The department has had some success in getting exemptions from the city to fill specialized civilian positions that require unique skills, such as 911 dispatchers, DNA analysts and guards for the city jail. The department is still trying to get approval to fill at least some of the 42 vacancies in its garages, where a shortage of mechanics, electricians and the like has caused backlogs in repairing cars.

Capt. Bob Green, who runs the department’s 77th Street area station in South L.A., said he had pulled four officers off patrol assignments for tasks such as crunching statistics for crime analysis and writing  reports.

“Any time I pull a police officer out of the field it makes an impact,” he said. “I’d prefer they be out on the streets doing police work, but some of these positions have to be filled.”

Ironically, the need to use officers to fill these positions has been spurred by the department’s ongoing push to add 1,000 officers to its undersized ranks. As hundreds of these new recruits have hit the streets in recent months, they also increase the amount of paperwork that needs to be completed at stations and thus increase demand for clerical support, Sims Lewis said.

The audit also found that 1,130 other cops, in a department of about 9,900 officers, are in so-called light-duty assignments because of injuries or other disabilities.

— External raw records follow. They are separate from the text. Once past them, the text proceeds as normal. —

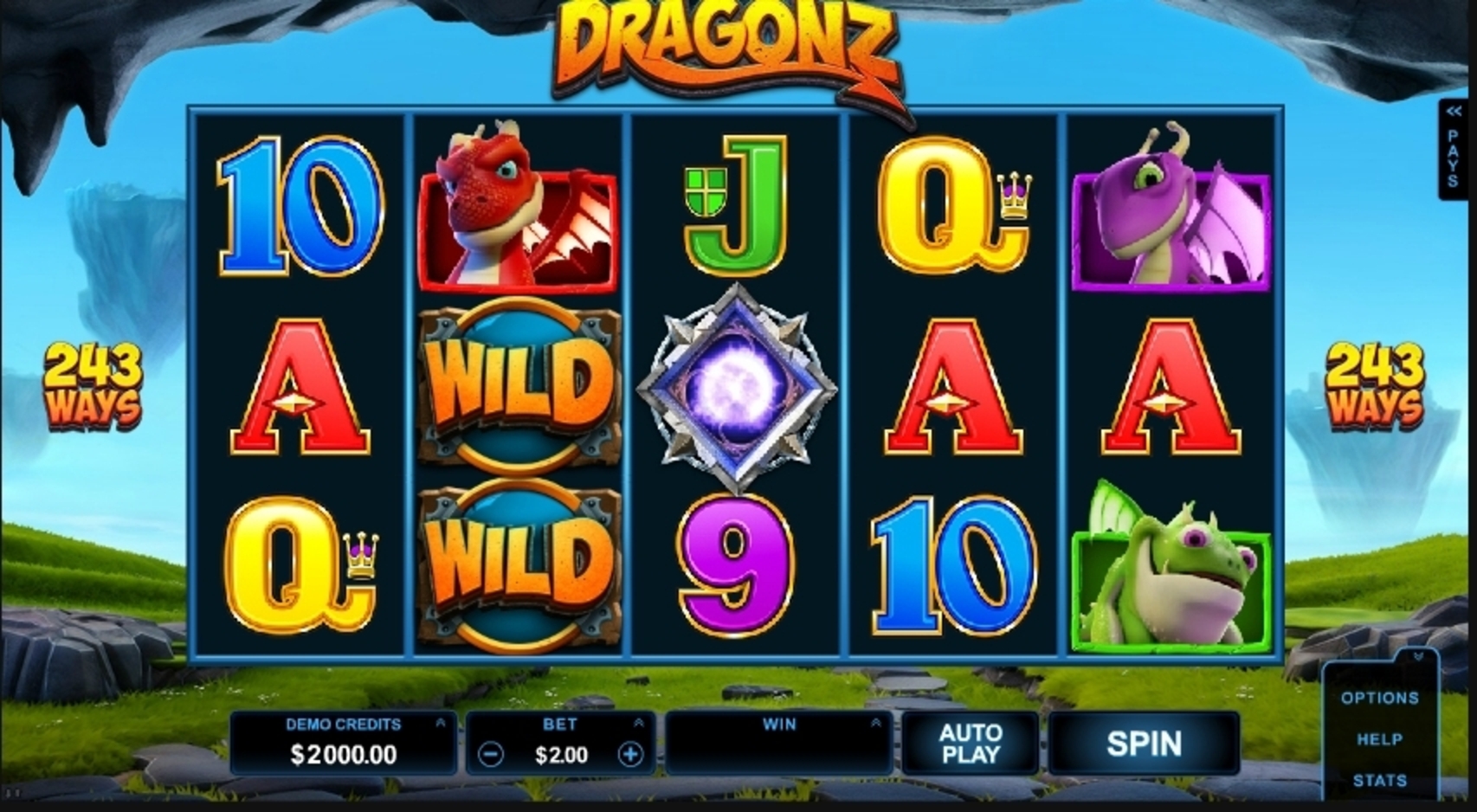 Reels in Dragonz Slot Game by Microgaming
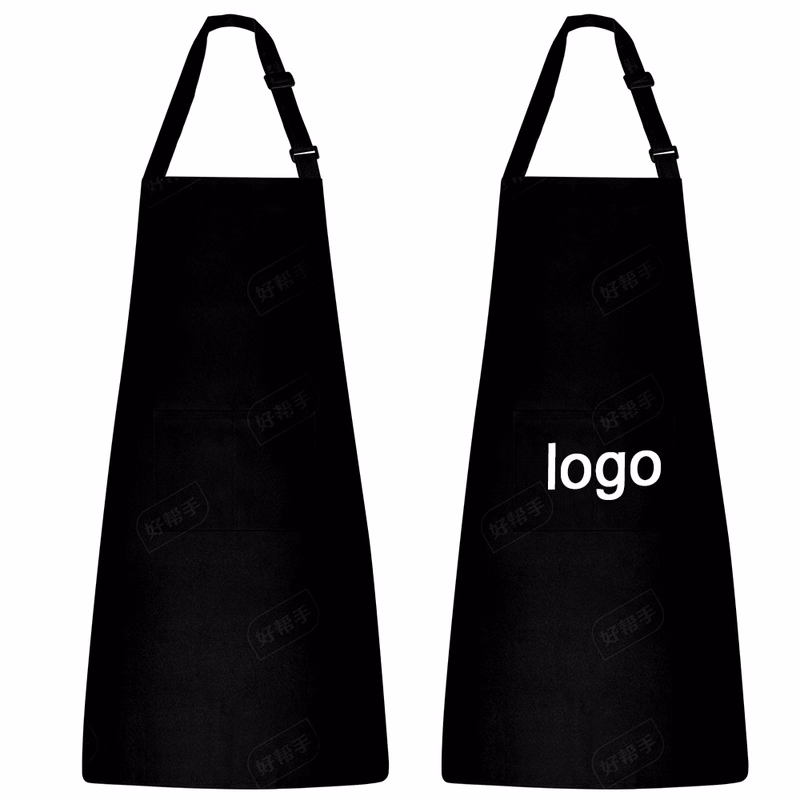Customizable Black Waterproof Oil-Resistant Kitchen Apron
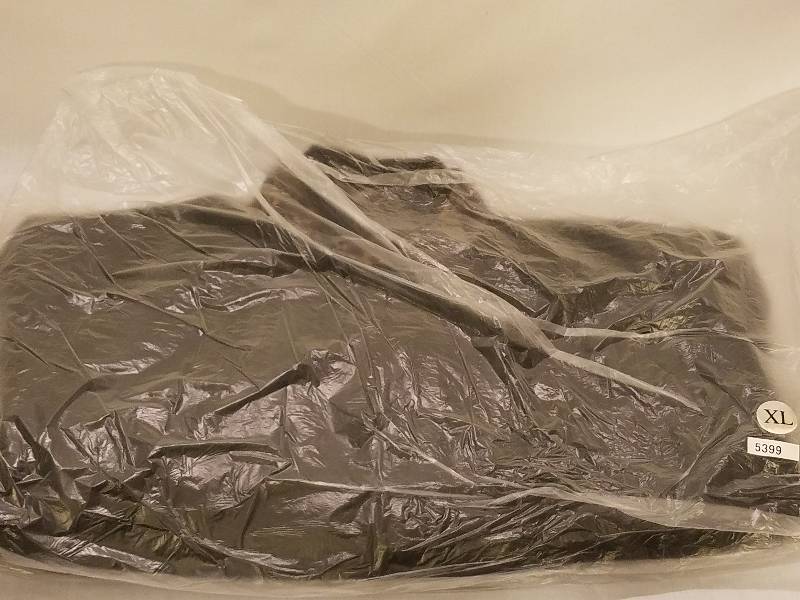 BURKS BAY WOOL AND LEATHER JACKET X-LARGE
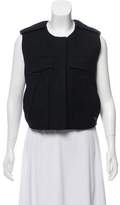 Thumbnail for your product : Alexander Wang Linen Zip-Up Vest Black Linen Zip-Up Vest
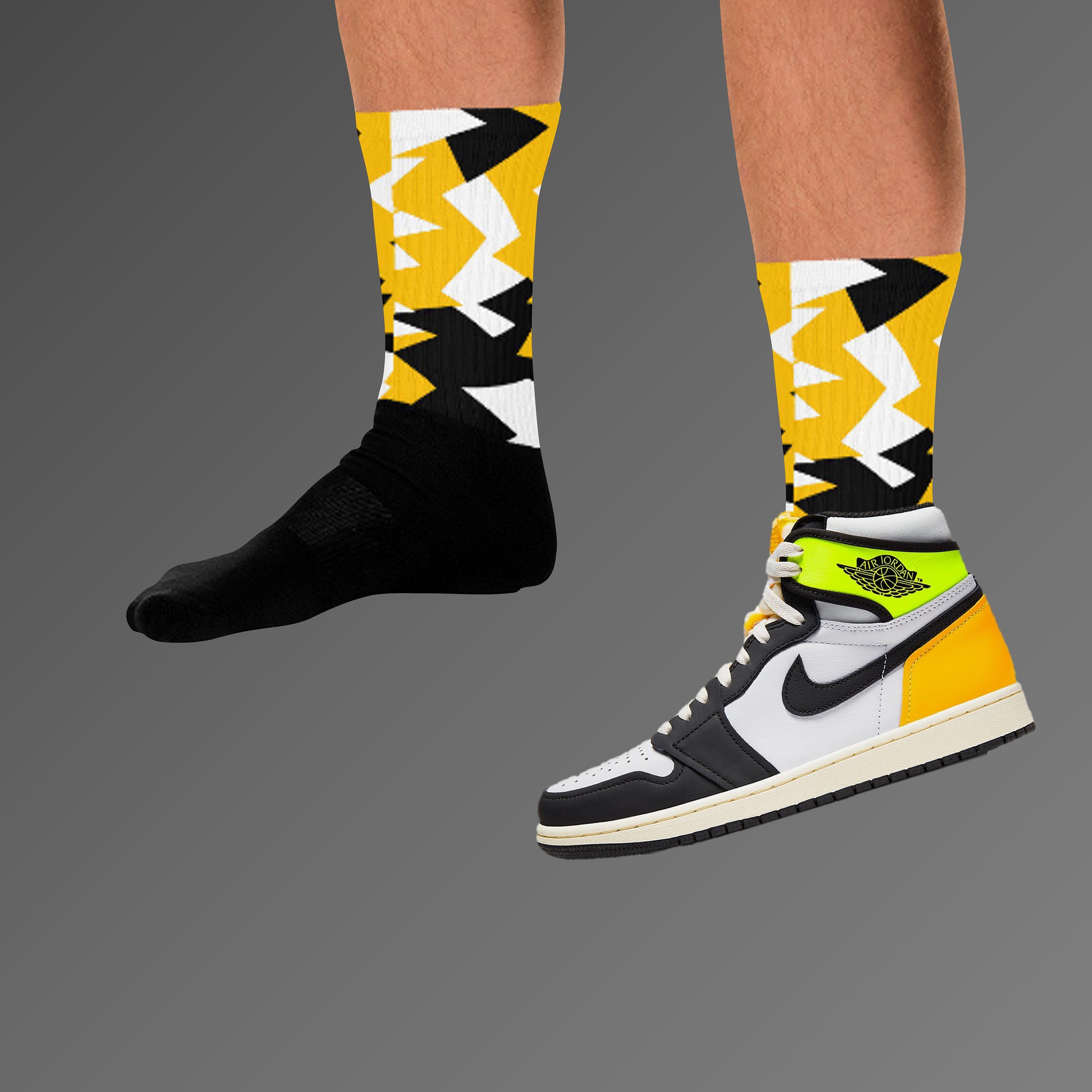 Socks Match Jordan 1 Volt Gold Volt Gold 1s Socks - Etsy New Zealand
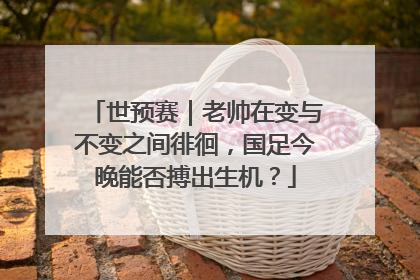 世预赛｜老帅在变与不变之间徘徊，国足今晚能否搏出生机？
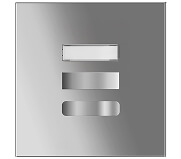 Namenschilder für Briefkastenanlage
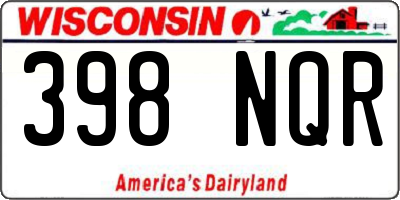 WI license plate 398NQR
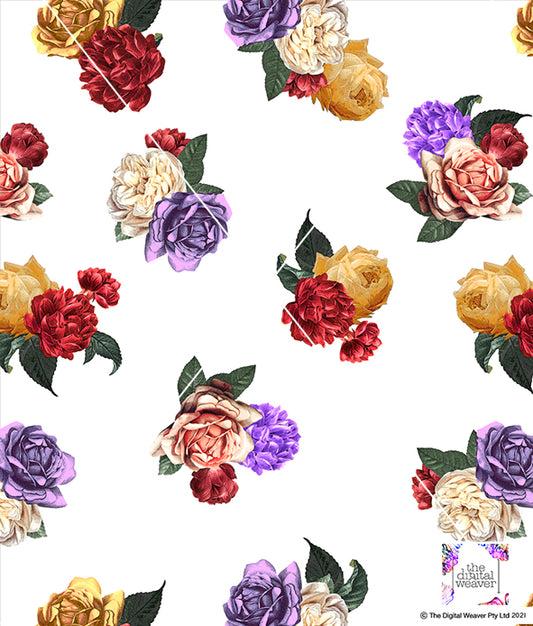 TDW3348_LA105 Vintage Roses Floral  Exclusive Print Design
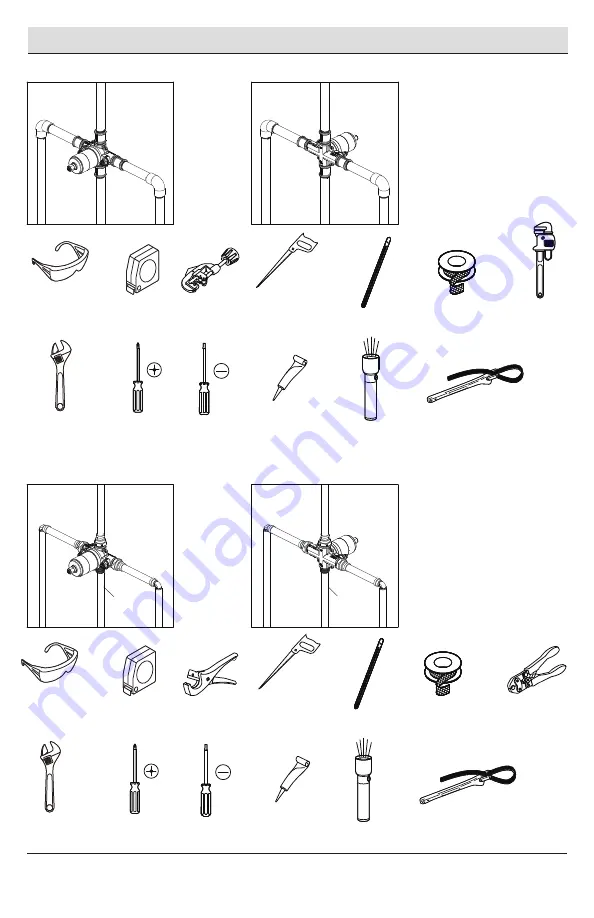 Glacier bay 1003217467 Installation And Care Manual Download Page 38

These positions, such as working the front desk or in the equipment room at stations, are designated for sworn police officers, but about half of the officers are permanently disabled and will never be fit to serve in a regular police capacity, Sims Lewis said.

In 2006, the department changed its policies to prevent officers from remaining in such positions indefinitely. Now, if an injured officer is unable to be rehabilitated within a designated period, he or she is given the option of training to become a civilian employee in the department or retiring with disability benefits.